During his appearance at this week’s Select Board meeting, Natick Director of Public Health Jim White said despite the town’s COVID-19 numbers heading in the wrong direction, calculations showed that the town would likely remain at the “yellow” (aka, middle) level of the state’s color-coded rating system.
Sure enough, the weekly data released on Jan. 14 showed Natick dodging the dreaded “red” level, which in Natick’s case would mean 10 or more cases on average over the past 14 days per 100,000 residents and a 5% or greater positivity rate from those tested. Natick tallied a scary high 49.4 average cases per day, but a 4.69% positivity rate, the latter of which kept Natick out of the red (that percentage was up from 4.59% the previous week). Going back a couple of months ago, Natick’s positivity rate was well under 1%.
The Natick Health Department is powering ahead with vaccine dissemination, in partnership with Wayland, initially with 200 doses of Moderna vaccine for first responders. Who gets vaccines when is being dictated by the state, but vaccines are being dispensed locally or regionally. Natick and Wayland took a different approach to vaccinations than Wellesley, which staggered vaccinations across six clinics with first responders so that not too many were getting it, and possibly feeling side effects, at once. Natick and Wayland doled out 96 doses on its first day of its clinic, which White stressed was only for first responders and was pre-registration only.

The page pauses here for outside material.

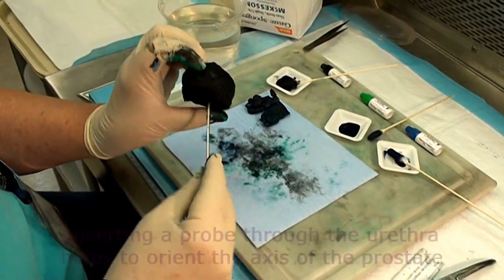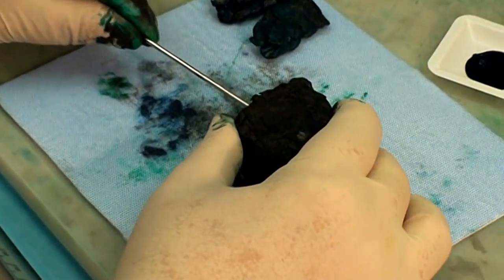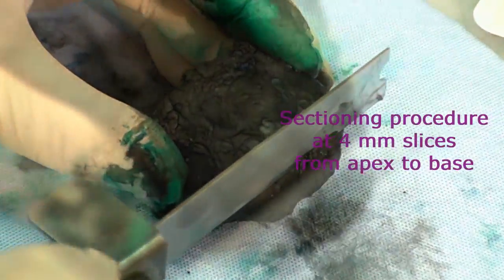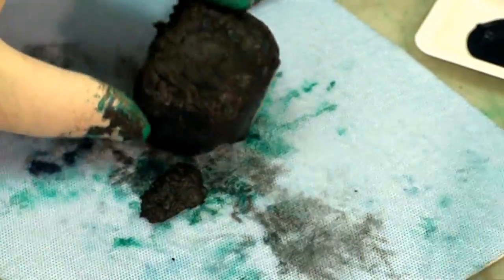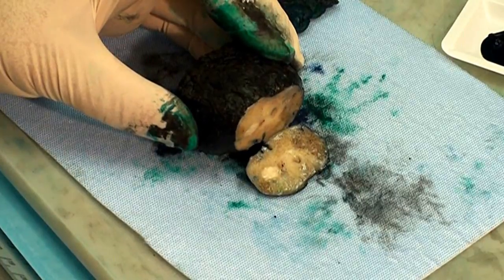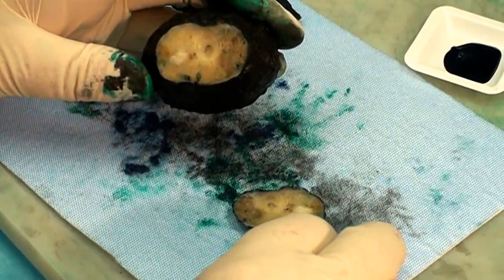One way, if you're not real certain of what the correct plane is, is to stick a probe through here — you want to be perpendicular to this plane, and that's how you figure out the correct path to cut. We're going to start at the apex and bread loaf it. I used scissors to make the final cut so it doesn't tear into that outer margin. So this is the first cut. You can very plainly see the nodules.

White said that the Natick Health Department has been approved to continue on with the vaccination program during the other phases of the state’s plan. “Some of the steps that are coming up are integrated with many different sectors, so we just need to make sure we are adhering to what the phases and the steps are, because as they say we can’t jump the line with anybody,” he said. “We’re going to continue to move on and do exactly what we’re told…”
More vaccines can’t come soon enough for Natick, which has seen a post-holiday COVID-19 case surge. “It’s been a little more than we expected,” White said.

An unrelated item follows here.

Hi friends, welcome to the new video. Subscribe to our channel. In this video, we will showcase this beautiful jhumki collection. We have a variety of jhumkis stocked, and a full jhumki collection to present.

Natick hit a high point (in a bad way) on Jan. 6 of 171 confirmed positive cases that were in isolation, and numbers started to wane over the weekend. Then they spiked again to 181 on Jan. 13, the day White gave his briefing. “It’s concerning to us when you look at what the metrics are as far as the state goes,” he said.
To put some of the current numbers in perspective, Natick didn’t hit its first 500 cases, from the start of the pandemic in March, until Oct. 1. Natick tallied 513 cases for November and December, and January is trending higher.

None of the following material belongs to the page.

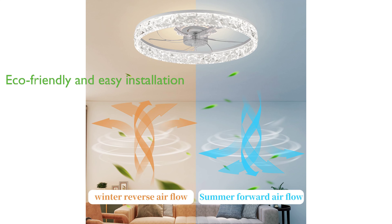Made with high-transparent acrylic and an enclosed structure, the fan is eco-friendly and easy to install, with pre-assembled components and marked cables for straightforward, hassle-free installation.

“We’re just holding out hope with the vaccination program going that we’re getting over the hump, we’re hopefully getting past the surge of the holidays, and we’re hopefully starting to see things go down,” White said.
One way the Health Department, in conjunction with the police, tries to contain the spread of the virus is by investigating complaints related to alleged violations of state orders. The department has investigated over 700 such complaints since the start of the pandemic, White said. Cease-and-desist and violation orders, as well as fines, can result.
While much of the current vaccine and COVID-19 information is accessible via the Commonwealth’s Mass.gov website, getting White’s local insights are valuable. It would be great if the Health Department and Natick Pegasus would consider recording Health Department meetings, none of which have been posted since September. No meeting minutes since then either, though thankfully, you can find minutes from the Jan. 11 meeting on the Protect Natick’s Future site.